The idea that seized the imaginations of the bien pensant chattering classes in the Noughties – “Peak Oil” – is no longer relevant. So says the commodities team at Citigroup, and policy-makers would be wise to examine the trends they’ve identified.
“Peak Oil” is the point at which the production of conventional crude oil begins an irreversible decline. The effect of this, some say, is that scarcity-induced prices rises would require huge changes in modern industrial societies. For some, Peak Oil was the call of Mother Earth herself, requiring a return to pre-industrial lifestyles. One example of this response is the “Transition Towns” network, a middle-class phenomenon in commuter belt towns in the UK.
But in a must-read research note [PDF] issued this month (which is also implicitly critical of the industry) this is premature.
Thanks to “unconventional” oil and gas, which can be tapped thanks to technological advances, Peak Oil is dead.
The analysts write:
The belief that global oil production has peaked, or is on the cusp of doing so, has helped to fuel oil’s more than decade-long rally. The resurgence of US gas production to well over its 1970s peak and into the number one slot globally over the last seven years is a result of hydraulic fracturing – fracking – techniques being applied to shale gas reserves across the US. The same companies are now using the same techniques on shale oil reserves, with results that in many cases look as promising as the early stages of the shale gas revolution. US oil production is now on the rise, entirely because of shale oil production, as conventional sources such as Alaska or California are structurally declining, and as Gulf of Mexico production is poised for a post-Macondo recovery.

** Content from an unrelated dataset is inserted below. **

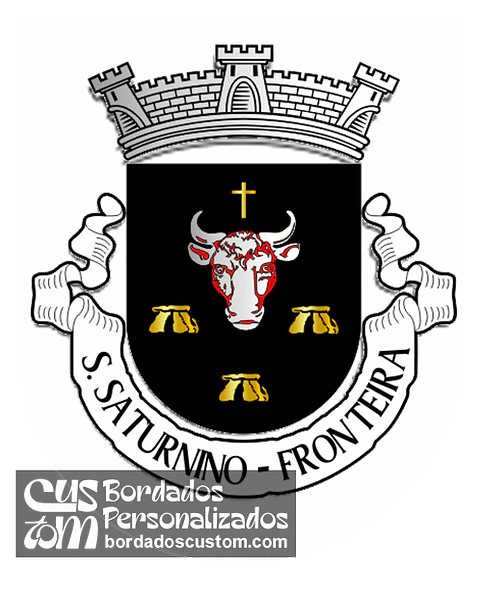 Emblema Bordado Freguesia de São Saturnino (Fronteira, Portalegre)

Doomsayers had reasonable grounds for suspecting this – but failed to address the bigger picture, one which includes technological innovation. They simply wanted Doomsday a little too badly. The briefing note continues:
Belief in peak oil was bolstered by the repeated failure of supply to live up to the optimistic forecasts put forward by various governmental and international energy agencies. The IEA, the industry benchmark, made a habit of putting forth forecasts for the coming year of big gains in non-OPEC supply, only to spend the next 18 months revising those forecasts lower
Citigroup also castigates the oil industry and experts for failing to take this into account – over-promising and delivering late.
It’s a must read. Oil production is far more contingent on upstream investment than many people realise. When it does respond, it responds rapidly; the US well count has increased 500 per cent in three years.
So what now?
Yet Peak Oil isn’t the only casualty of recent energy developments. The death of Peak Oil kicks away the underpinnings from a great deal of policy-making by our bureaucracies and their advisers. Over the past two decades, we’ve seen the mushrooming of the “sustainability” sector, which is almost completely dependent on state funding and which shares similar erroneous assumptions.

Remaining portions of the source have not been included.